-- Provided data --
++++++++++

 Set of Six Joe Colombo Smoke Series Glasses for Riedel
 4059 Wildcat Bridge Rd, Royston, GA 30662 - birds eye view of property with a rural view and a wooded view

++++++++++

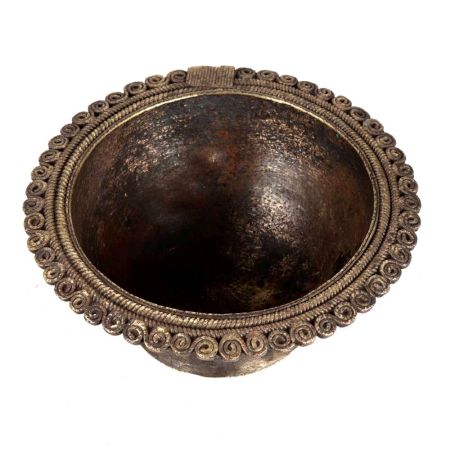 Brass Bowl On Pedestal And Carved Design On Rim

++++++++++

-- To do --
Produce only the lines from the line containing "Set of Six Joe" through the line containing "4059 Wildcat Bridge", inclusive of both, exactly as they stand in the entries above.

-- Reply --
 Set of Six Joe Colombo Smoke Series Glasses for Riedel
 4059 Wildcat Bridge Rd, Royston, GA 30662 - birds eye view of property with a rural view and a wooded view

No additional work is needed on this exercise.